Practicing Success

Target Exam

CUET

Subject

Economics

Chapter

Macro Economics: Open Economy Macro Economics

Question:

Increase in price of foreign currency in terms of domestic currency is due to :

Options:

Increase in export of goods.

Increase in import of goods.

Increase in FDI by non-resident in our country.

Increase in International borrowing by country.

Correct Answer:

Increase in import of goods.

Explanation:

The correct answer is option (2) : Increase in import of goods.

Increase in the price of foreign currency in terms of domestic currency (depreciation) is typically due to an increase in demand for foreign currency relative to the supply of domestic currency. Increase in import of goods will lead to a depreciation of the domestic currency because when a country imports more goods, it generally requires more foreign currency to pay for those imports.

An increase in the price of foreign currency in terms of domestic currency (i.e., an appreciation of the foreign currency) can be due to a variety of factors. Among the options you've provided:

1. Increase in export of goods: This is generally associated with an increase in demand for the domestic currency, not an increase in the demand of foreign currency.
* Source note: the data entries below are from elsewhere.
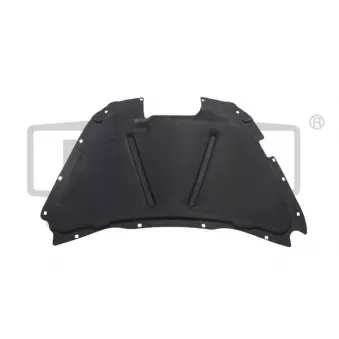 Insonoristaion du compartiment moteur DPA 88631701602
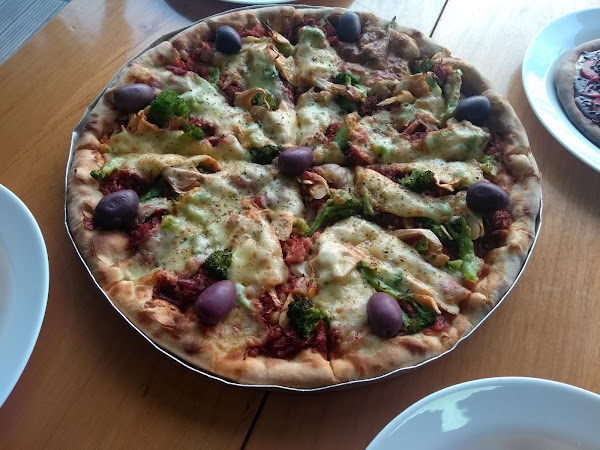 Foto 4 Pizzaria e esfharia farias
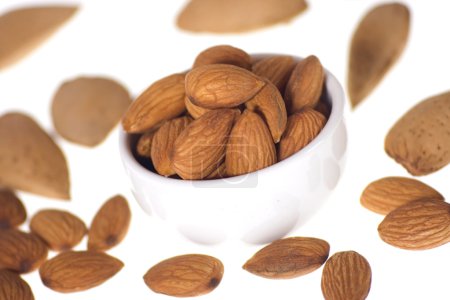 Noyaux d'amandes 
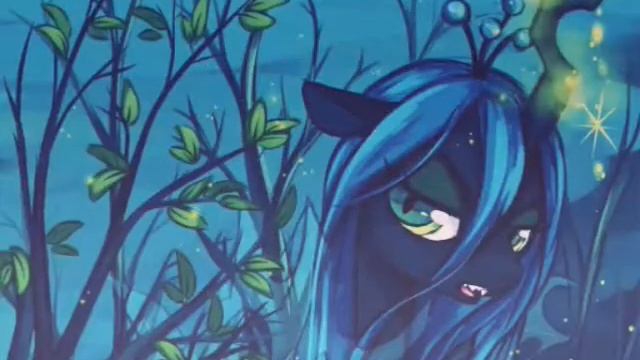 Принцесса Кризалис смотреть онлайн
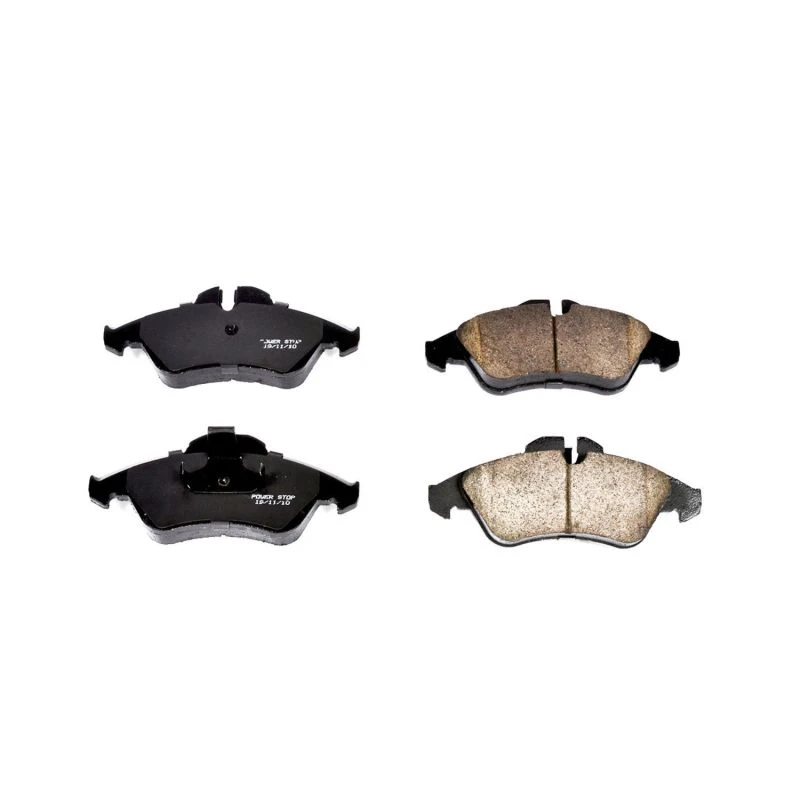 powerstop_16-950-679450b8a12e2 Power Stop 03-06 Dodge Sprinter 2500 Front Z16 Evolution Ceramic Brake Pads
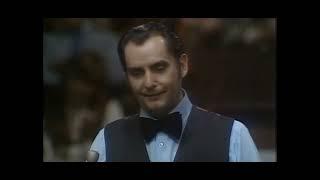 Ray Reardon 1978 World championship getting drunk  and playing well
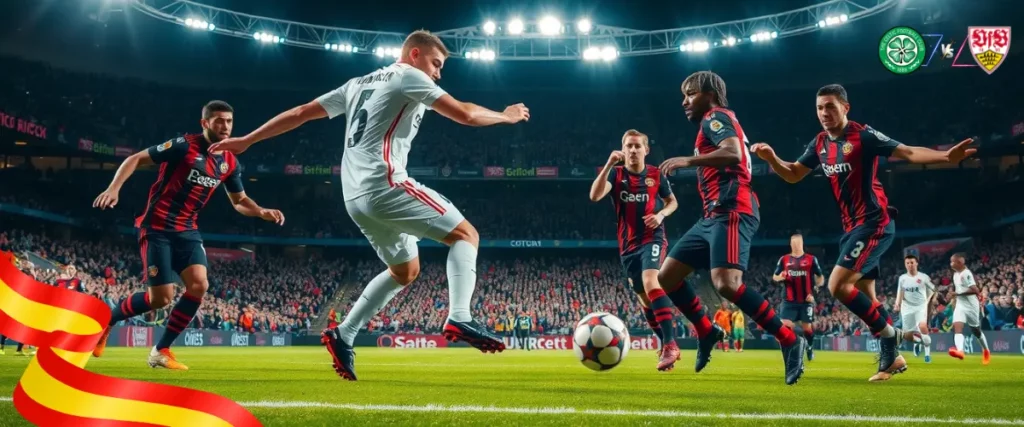 Pronósticos detallados Celtic vs VfB Stuttgart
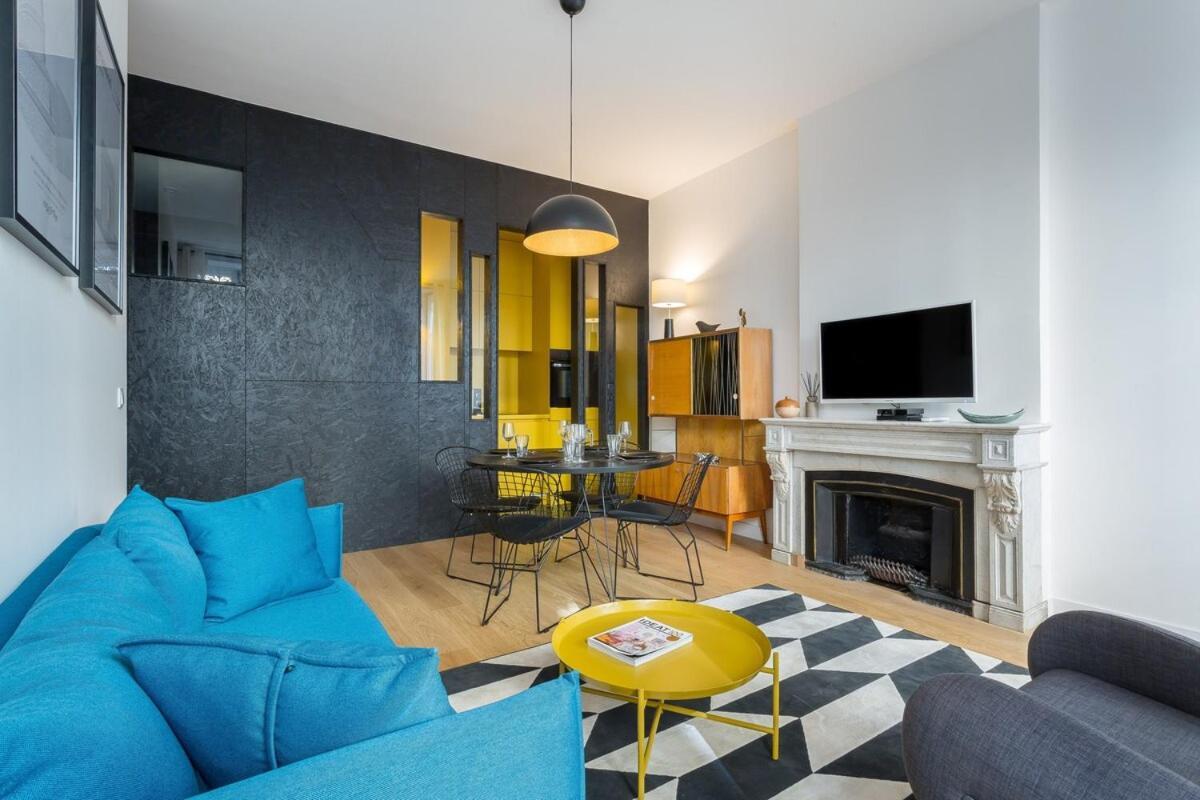 Hallmark - Location T2 - Lyon 2 Apartment Екстериор снимка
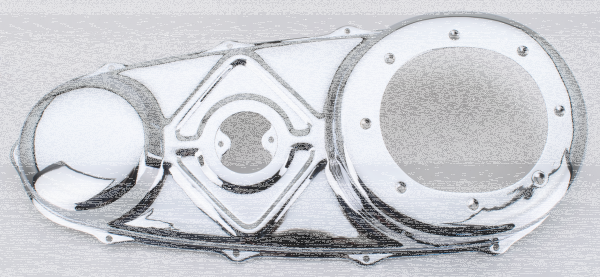 GZP Chrome outer primary cover BT36-54 (GB)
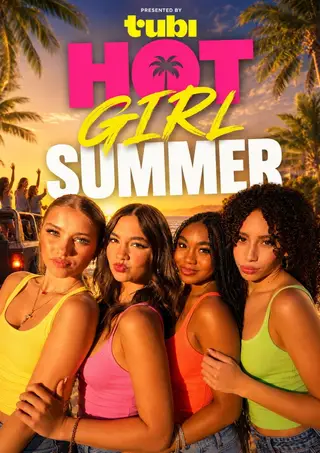 Poster Hot Girl Summer (2026)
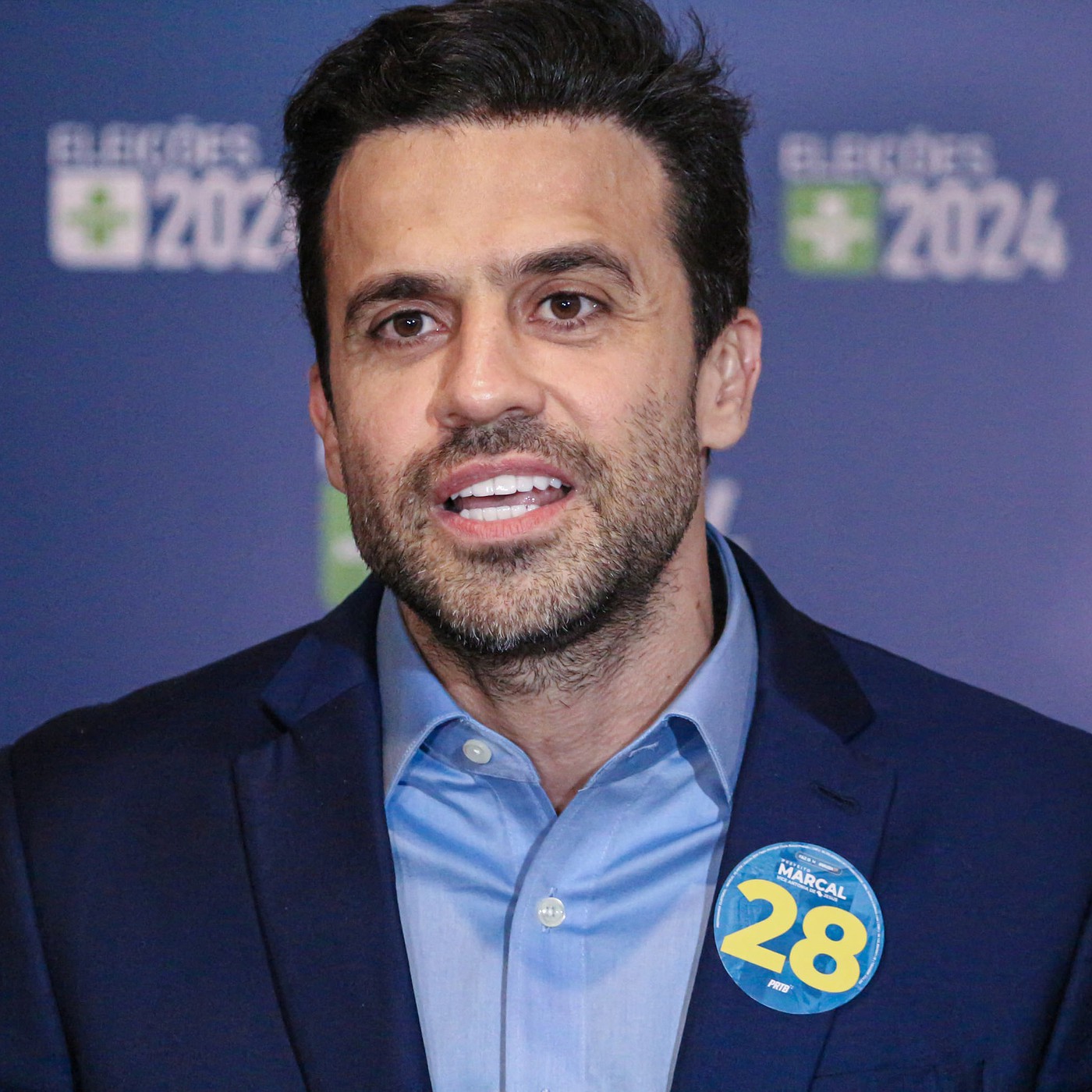Pablo Marçal (PRTB) diz que ‘não é light’ sobre mudança de comportamento e promete que fará centros olímpicos em escolas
When a country exports more goods, it typically earns foreign currency, which can lead to an appreciation of the domestic currency.

3. Increase in FDI by non-residents in our country: This can potentially increase the demand for the domestic currency, which may lead to an appreciation of the domestic currency. When foreign investors invest in a country, they often need the domestic currency to make those investments.

4. Increase in international borrowing by the country: When a country borrows from abroad, it receives foreign currency. If this borrowing is significant, it can increase the supply of foreign currency in the domestic market, potentially leading to a temporary appreciation of the domestic currency.